Task instructions ▸ The records that follow must be reproduced in full, with every picture excluded.

Given records ▸
━━━━━━━━━━━━━━━━
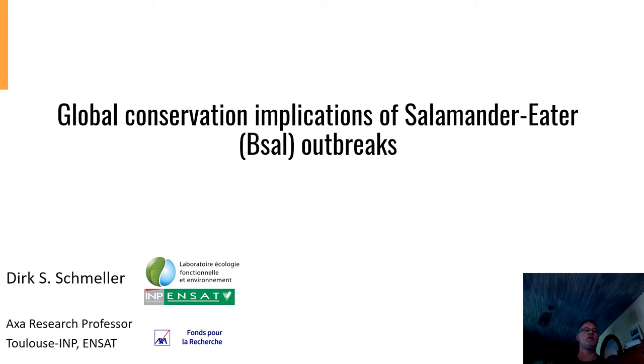Good day everyone. I'm Dick Schmeller, currently an AXA research professor in Toulouse, working on functional ecology of mountains. Today I will tell you about the global conservation implications of salamander-eater outbreaks. It's a very interesting topic, and I will show you why.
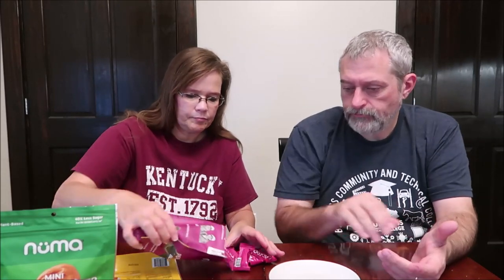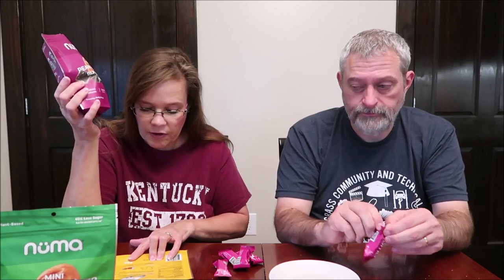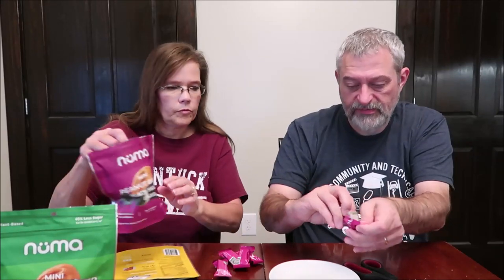So these are the black sesame ones. These are gluten-free, soy-free, no artificial ingredients, dairy-free, vegan, no HFCS — high fructose corn syrup. The website is www.pneumafoods.com. They're kind of hard to open. Now this one, you can see it's black in the middle. They're all the same calories — two pieces are 120 calories.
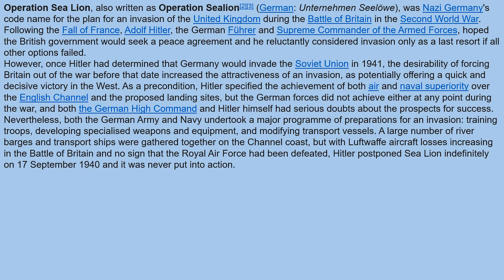Operation Sea Lion was Nazi Germany's code name for the plan for the invasion of the United Kingdom during the Battle of Britain. Following the fall of France, Hitler and his Supreme Command, the OKW, hoped the British government would seek a peace agreement and he reluctantly considered invasion only as a last resort if all other options failed. However, once Hitler had determined that Germany would invade the Soviet Union in 1941, the desirability of forcing Britain out of the war before that date increased the attractiveness of an invasion as potentially offering a quick, decisive victory in the West.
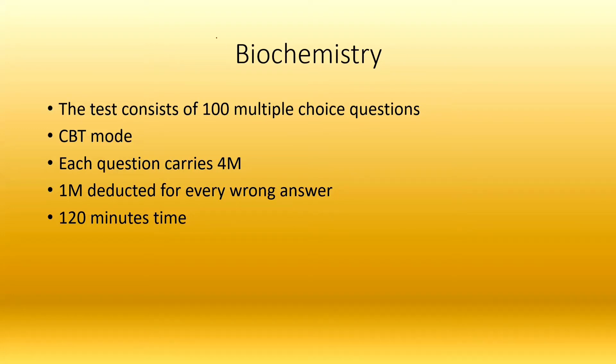First, let's look at the entrance exam pattern. There are 100 multiple-choice questions. Each question carries 4 marks, and one wrong answer will deduct one mark. The exam is conducted in CBT mode.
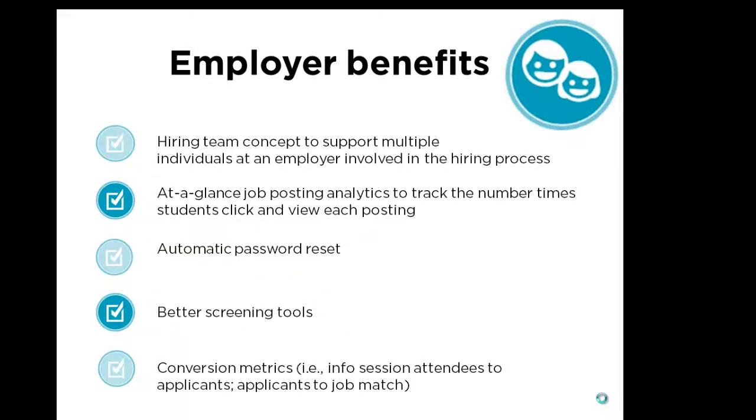For employers, some benefits include the hiring team concept to support multiple individuals involved in the hiring process, by attaching multiple people to a job and giving them their own user account.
━━━━━━━━━━━━━━━━
Solved problem ▸
Good day everyone. I'm Dick Schmeller, currently an AXA research professor in Toulouse, working on functional ecology of mountains. Today I will tell you about the global conservation implications of salamander-eater outbreaks. It's a very interesting topic, and I will show you why.
So these are the black sesame ones. These are gluten-free, soy-free, no artificial ingredients, dairy-free, vegan, no HFCS — high fructose corn syrup. The website is www.pneumafoods.com. They're kind of hard to open. Now this one, you can see it's black in the middle. They're all the same calories — two pieces are 120 calories.
Operation Sea Lion was Nazi Germany's code name for the plan for the invasion of the United Kingdom during the Battle of Britain. Following the fall of France, Hitler and his Supreme Command, the OKW, hoped the British government would seek a peace agreement and he reluctantly considered invasion only as a last resort if all other options failed. However, once Hitler had determined that Germany would invade the Soviet Union in 1941, the desirability of forcing Britain out of the war before that date increased the attractiveness of an invasion as potentially offering a quick, decisive victory in the West.
First, let's look at the entrance exam pattern. There are 100 multiple-choice questions. Each question carries 4 marks, and one wrong answer will deduct one mark. The exam is conducted in CBT mode.
For employers, some benefits include the hiring team concept to support multiple individuals involved in the hiring process, by attaching multiple people to a job and giving them their own user account.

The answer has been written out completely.